#Good&Bad
Daniel Day-Lewis è uno di quei nomi che non possono che balzarci immediatamente in mente quando parliamo di eccellenza cinematografica.
Daniel Day-Lewis è l'attore che, più di tutti in epoca moderna, è riuscito a tenere immacolata la purezza della propria filmografia, dedicandosi solo a un Cinema di un certo tipo, a partire dal suo minuscolo ruolo in Gandhi e da quello, decisamente più rilevante, ne Il Bounty.
La sua bravura, emersa grazie a Camera con vista, My beautiful laundrette e L'insostenibile leggerezza dell'essere - film per il quale imparò addirittura a parlare il cecoslovacco - è ben presto stata ammantata di una sensazione di irripetibilità, di prestigio impareggiabile.
[Ne ha fatta di carriera questa faccia da schiaffi, eh?]
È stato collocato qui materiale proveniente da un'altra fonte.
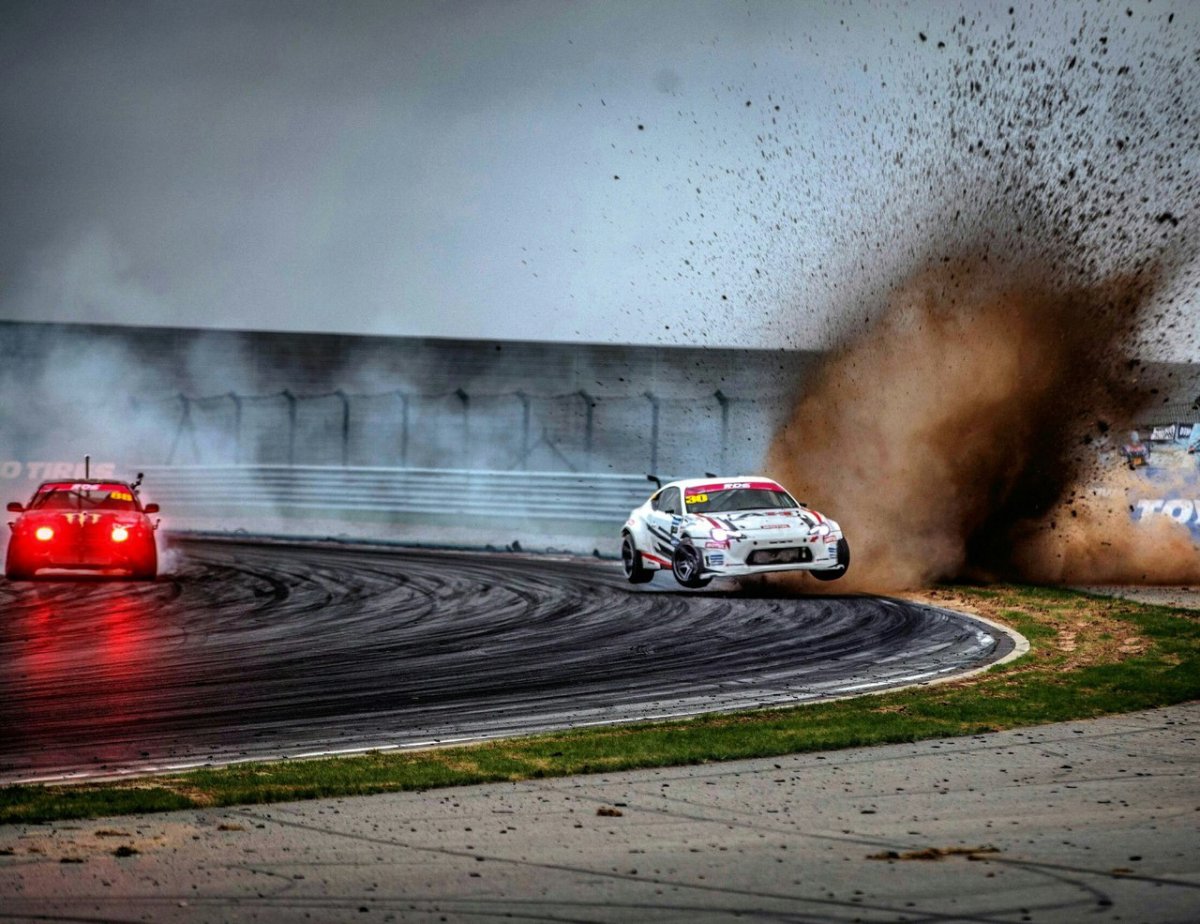 Moscow Raceway РДС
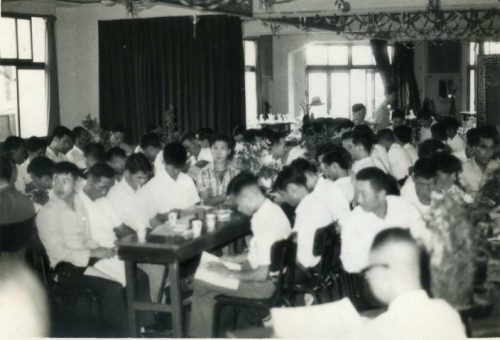 1972年林宗師仙逝四週年 6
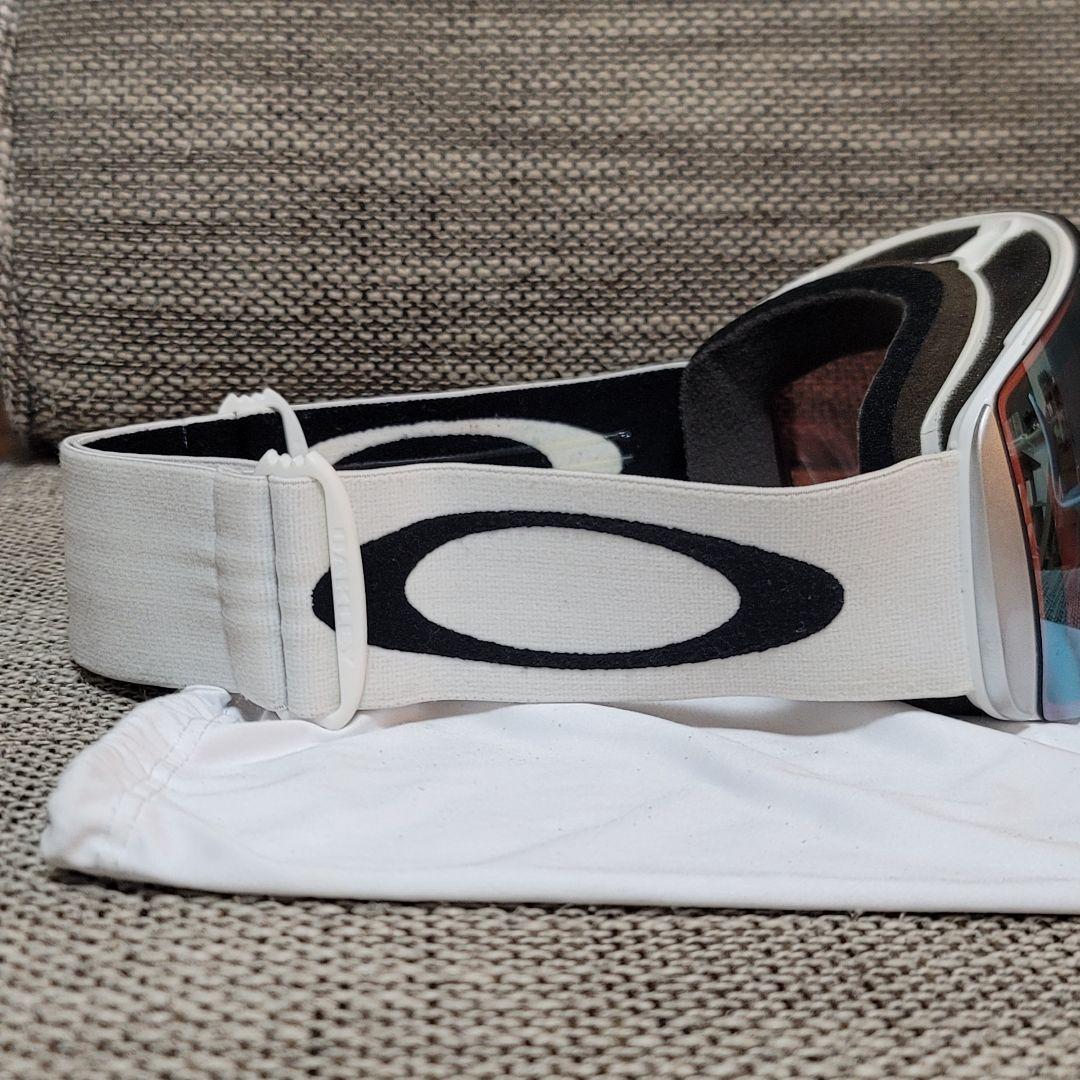 OAKLEY オークリー フライトデッキ XL 中古 スノーボード ゴーグル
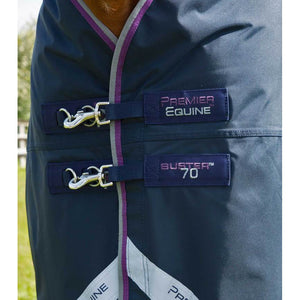 Buster 70g Turnout Rug with Classic Neck Cover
Il mio piede sinistro gli valse il primo Premio Oscar ; L'Ultimo dei Mohicani, Nel nome del Padre e L'età dell'innocenza lo resero uno degli attori più richiesti negli anni '90; La seduzione del male gli permise di conoscere sua moglie, Rebecca Miller, e The Boxer ha segnato il suo addio dalle scene, lungo circa cinque anni.
Dopo quel periodo della sua vita a Firenze, contraddistinto dalla la sua continua ricerca della discrezione, Martin Scorsese ha dato il via a quelli che sono, forse, i 15 anni più intensi mai vissuti da un attore.
Anche per questo, oltre che per tutto ciò che ha fatto per la Settima Arte, Marty andrebbe ringraziato.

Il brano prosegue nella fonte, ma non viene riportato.